Kardinal Meisner beklagte eine immer gottloser werdende Gesellschaft. In dem Maße, wie sich die Menschen von Gott entfernten, werde auch die gesamte Welt immer gottloser, sagte er. Die Erde, die den Menschen als Paradies überantwortet wurde, sei zu einem "ausgebeuteten Steinbruch geworden, in dem wir nicht mehr Luft holen können und die Wälder vor lauter Gift sterben müssen".  Doch auch bei diesem Sturz der Welt in die Tiefe gebe es Hoffnung. Gott lasse seine Welt und den Menschen nicht los, sagte der Kardinal.

Das Kreuz sei unser "rettender Fallschirm", der die fallende Welt auffange, so Meisner. Es sei "das Anhängsel, das uns mit Gott verbinde und vom Absturz rette". Das Kreuz werde auch im kommenden Jahr in unserem Leben als Halt nicht fehlen, versprach der Kardinal.

Kardinal Marx: Kirche darf sich nicht einmauern

Der Münchner Kardinal Reinhard Marx hat eine neue Debattenkultur in der Kirche angemahnt. Gleichzeitig erteilte der Erzbischof in seiner Silvesterpredigt Forderungen nach Uniformität eine Absage. "Wir brauchen einen geistlichen Austausch und den Mut, verschiedene Meinungen miteinander in Verbindung zu bringen", sagte Marx. Die Zeichen der Zeit seien im Lichte des Evangeliums zu lesen.

"Wir dürfen uns nicht einmauern und in einen Häuserkampf begeben, um die vermeintlich feindliche Welt abzuwehren, sondern wir sollen das Evangelium neu zum Strahlen bringen."
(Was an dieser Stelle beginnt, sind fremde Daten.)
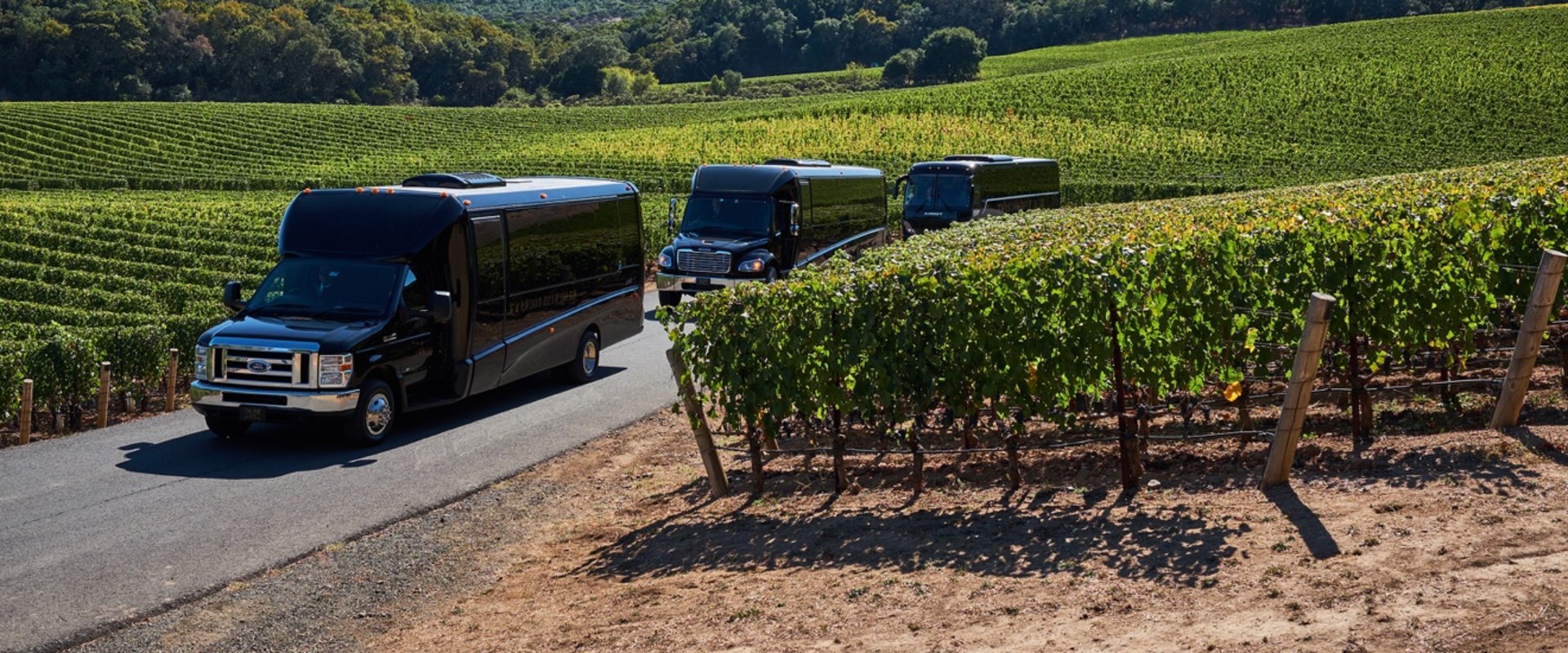 What are wine tasting tours?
Er habe den Eindruck, "dass wir uns auf Dinge konzentrieren, die am Rande liegen", erklärte der Erzbischof von München und Freising im Münchner Liebfrauendom weiter. Papst Franziskus indes wolle, dass die Kirche den Kern des Glaubens, die Menschwerdung und die Auferstehung Christi in den Mittelpunkt stelle. In seinem Apostolischen Schreiben "Evangelii gaudium" (Freude des Evangeliums) werde deutlich, dass das Evangelium eine Quelle der Freude sei, "die wir uns nicht nehmen lassen dürfen, nicht durch Streit, Diskussionen, Skandale".

Gleichzeitig würdigte Marx den Rücktritt von Benedikt XVI. als "revolutionären Akt in der Geschichte der Kirche". Er habe dem emeritierten Papst versichert, dass "wir in seiner Heimat diesen Schritt als Akt verantwortlicher Freiheit sehen und dass wir ihm verbunden bleiben". Das Pontifikat des Bayern werde nachhaltig wirken. Mit Franziskus sei der Kirche ein neuer Papst "voller Schwung, Begeisterungsfähigkeit, neuen Ideen und Herzenswärme" geschenkt.
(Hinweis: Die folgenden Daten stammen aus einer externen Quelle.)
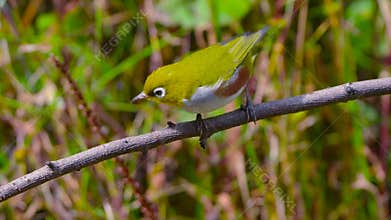 Chestnut-flanked White-eye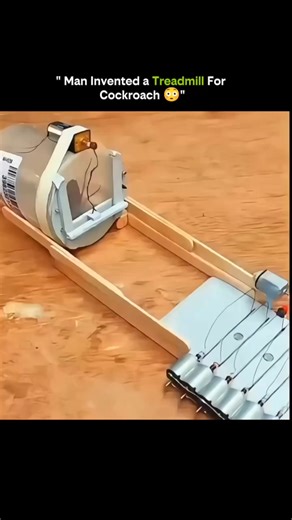 EDUCATION | MINDSET AND FACTS on Instagram: "🪳🏃‍♂️ Yes, Humans Invented a Treadmill… for Cockroaches • This tiny treadmill isn’t a joke — it’s real science. • Designed to study movement, stamina, and behavior. • Cockroaches are placed on a low-friction spherical surface. • As they walk, sensors track speed and direction. • The system keeps the insect centered in place. • Researchers analyze navigation and reflexes. • Helps study neural control of movement. • Used in robotics and AI-inspired lo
Der Kardinal erinnerte zudem an den Ausbruch des Ersten Weltkriegs vor 100 Jahren. Das Geschehen lehre, das persönliche Leben und das in der Gemeinschaft, Politik und Kirche in Verantwortung und Freiheit zu gestalten. "Wir wollen nicht wie Schlafwandler sein", sagte Marx mit Verweis auf den britischen Historiker Christopher Clark. Dieser schrieb, die Akteure seien wie Schlafwandler, ohne Sinn für Verantwortung, in jeweils ihrem kleinen Kreis gefangen gewesen. Die Gläubigen müssten "hellwach, sensibel und aufmerksam" dafür sein, was in den Herzen der anderen passiere. Es dürfe keine Selbstgerechtigkeit geben, forderte der Kardinal.
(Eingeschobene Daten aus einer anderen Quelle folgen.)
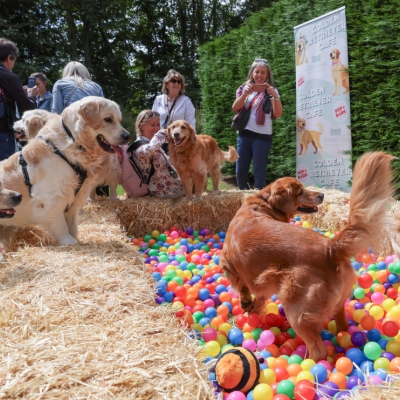 POP + BARK RETURNS TO DOWN HALL
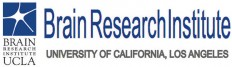UCLA's BRI logo
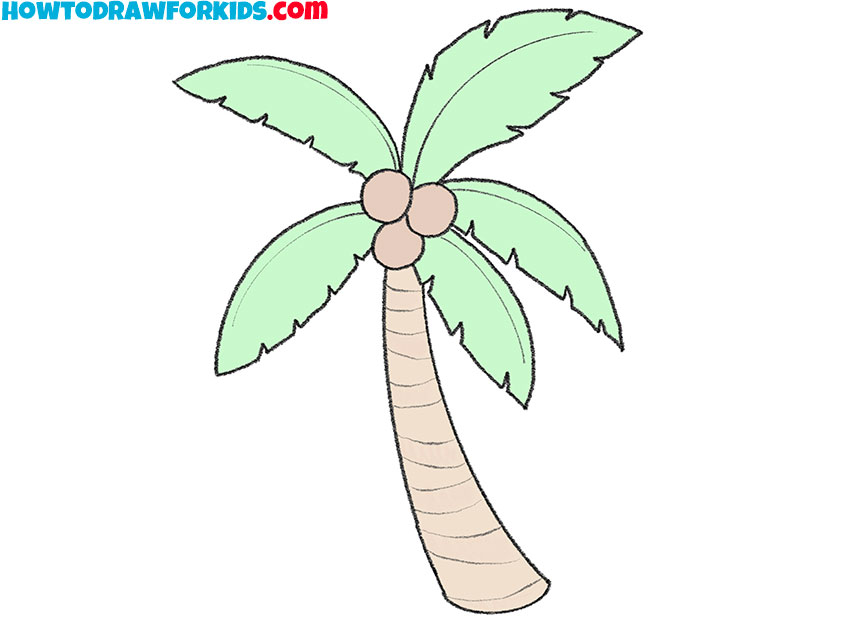 how to draw a coconut tree for kindergarten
Zollitsch warnt vor Rückfall Europas in überholte Nationalismen

Der Vorsitzende der katholischen Deutschen Bischofskonferenz, Robert Zollitsch, warnt vor einem Rückfall Europas in überholte Nationalismen. "Bauen wir weiter an diesem Kontinent des Friedens, an einer Welt der Verständigung, der Solidarität und der Nächstenliebe!", sagte der Erzbischof am Dienstag im Jahresschlussgottesdienst im Freiburger Münster nach einem vorab verbreiteten Redetext. Auch die Aufnahme Deutschlands in die europäische Familie nach dem Zweiten Weltkrieg sei möglich geworden, "weil die Gegner von einst uns in Freundschaft wieder in die Völkerfamilie integriert haben und in Wort und Tat zur Versöhnung bereit waren."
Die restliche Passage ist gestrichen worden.